Speaker 1:Changing the subject, I think this is the first time I've been here with no one else around. Well, it happens sometimes, he said. But we do keep schedules on the chalkboard. So how did you guys meet? Well, we knew each other from around the group and then this apartment formed after the summer. This past summer you mean Really, I would never have guessed. You all seem so, I don't know organized A lot of apartments form after the summer. Then, after a momentary pause, he turned the subject back to me. So how are things in your therapy going? I guess he saw our shift in my posture because he quickly added I know it sounds strange me asking you about therapy and all but around here we talk about our sessions all the time, especially during a house meeting, but if it feels weird to you, that's okay.
Speaker 1:Jackson had moved to the table to sit next to me. His sandwich lay half eaten on the countertop. He reached for my hand and said you know, cora, remember when we were trying to make all those dates and I couldn't find free time? I want you to know. I really wanted to see you, but I'd made those other dates weeks ago and I couldn't change them. It's really frowned upon here.

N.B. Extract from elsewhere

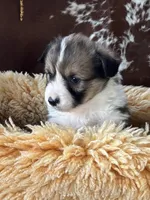 Snickers- FLUFFY, a female Pembroke Welsh Corgi for sale in Lacey, WA – Photo 3 of 8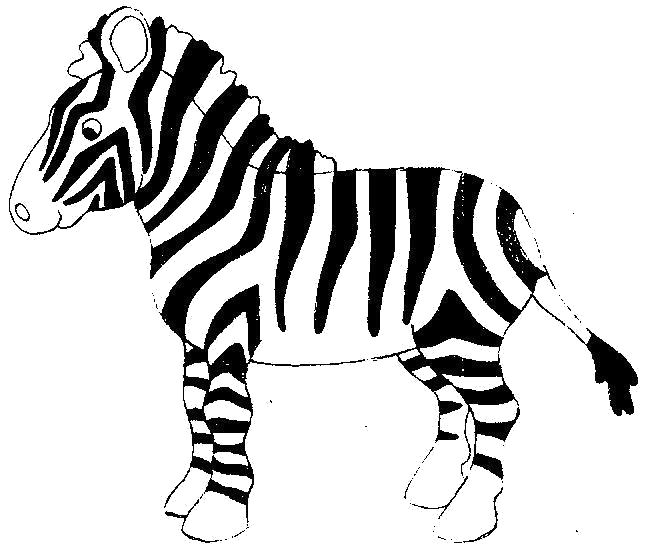 Раскраска Раскраски "зебра" скачать и распечатать бесплатно. Дикие животные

Speaker 1:At that moment I realized I had mistaken his commitment to the group as disinterest in me. I said I understood, but I really didn't, because it didn't make sense to keep dates with one person when you'd rather be with someone else. But then he asked me to stay with him that night and it didn't matter anymore what I thought. Can you do that? Don't you have somewhere to go? I asked incredulously. I wouldn't have asked if I did Listen. He said let's make some dates right now.
Speaker 1:Okay, then he grabbed his date book, a small green leather bound affair, from where it was lying on the countertop between the boxes of rice krispies and frosted flakes and Cheerios. He popped off the rubber band and quickly thumbed through the pages. How about this Sunday night and the following Wednesday? But that will have to be late. Can you come here?
Speaker 1:He went on and on ruffling some more pages and in five minutes we'd made a month of dates which he jotted down on a paper napkin for me. He leaned in and he kissed me, and then he took my hand and smiled Don't you think it's time for you to get a date book of your own? He asked, laughing. Then, still holding my hand, he pulled me towards him and we kissed again longer and deeper, and moments later we were in his room, shutting the door behind us. I didn't know it at the time, but Jackson was being pressured by his roommates and his therapist to bring me into the group. I understood this firsthand years later, when I had a boyfriend outside the group and I became the target of my own apartment's wrath. But in that moment ignorance was bliss and I was unaware of how dearly I would pay for this wondrous feeling, nor that I was losing myself to the hive.